Single by Katy Tiz
- Released: February 10, 2015
- Genre: Pop
- Length: 3:35
- Label: Atlantic
- Songwriters: Katy Tiz; Kinetics & One Love; Emily Warren; Jorge Menezes;
- Producer: J.R. Rotem;

Katy Tiz singles chronology
| "The Big Bang" (2014) | "Whistle (While You Work It)" (2015) | "Samurai" (2016) |

Music video
- "Whistle (While You Work It)" on YouTube

= Whistle (While You Work It) =

"Whistle (While You Work It)" is a song by British singer-songwriter Katy Tiz. It was written by Tiz, Kinetics & One Love, and songwriter Emily Warren for Tiz's debut studio album. It was released onto iTunes on 10 February 2015.

A Simlish (the language in most of The Sims games) version of the song was recorded and included in an expansion pack for The Sims 4, titled The Sims 4: Get to Work.

==Background==
Tiz said in an interview that she wrote the song about a darker period in her life where she felt like nothing was going her way, but her brother was there to tell her to chin up, keep moving, and never give up. It was cowritten with Kinetics & One Love, songwriter Emily Warren and was produced by J.R. Rotem and co-produced by Teal Douville.

Tiz said about the song in an interview: "You may think this song is about going to the club and 'working it' but if you pay close attention to the lyrics, you'll see it's much deeper than that."

==Music video==
A music video for "Whistle (While You Work It)" was filmed and released by Syndrome Studio and director James Larese, and was uploaded onto Tiz's official YouTube channel on 16 April 2015.

The video combines live action with animation elements and shows Tiz interacting with a crew of animated animal friends and enjoying several activities with them such as getting their nails done, and trying out clothing.
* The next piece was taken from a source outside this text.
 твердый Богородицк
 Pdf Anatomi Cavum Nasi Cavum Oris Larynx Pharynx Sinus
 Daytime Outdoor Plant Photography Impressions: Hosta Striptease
Idolator gave the video a positive review: "Katy springs to life from street art. From there, the blond bombshell indulges in a little choreography with her girls, goes for a stroll with a crew of cartoon characters and gets her nails done. It deftly combines the live action and animation elements, and is guaranteed to put a smile on your face."

==Charts==

| Chart (2015) | Peak position |
|---|---|
| Australia Hitseekers (ARIA) | 1 |
| New Zealand (Recorded Music NZ) | 14 |
| New Zealand Digital Songs (Billboard) | 6 |
| Poland (Polish Airplay New) | 1 |
| US Adult Pop Airplay (Billboard) | 26 |
| US Bubbling Under Hot 100 (Billboard) | 20 |
| US Pop Digital Songs (Billboard) | 24 |

==Certifications==

| Region | Certification | Certified units/sales |
| New Zealand (RMNZ) | Platinum | 30,000^{‡} |
^{‡} Sales+streaming figures based on certification alone.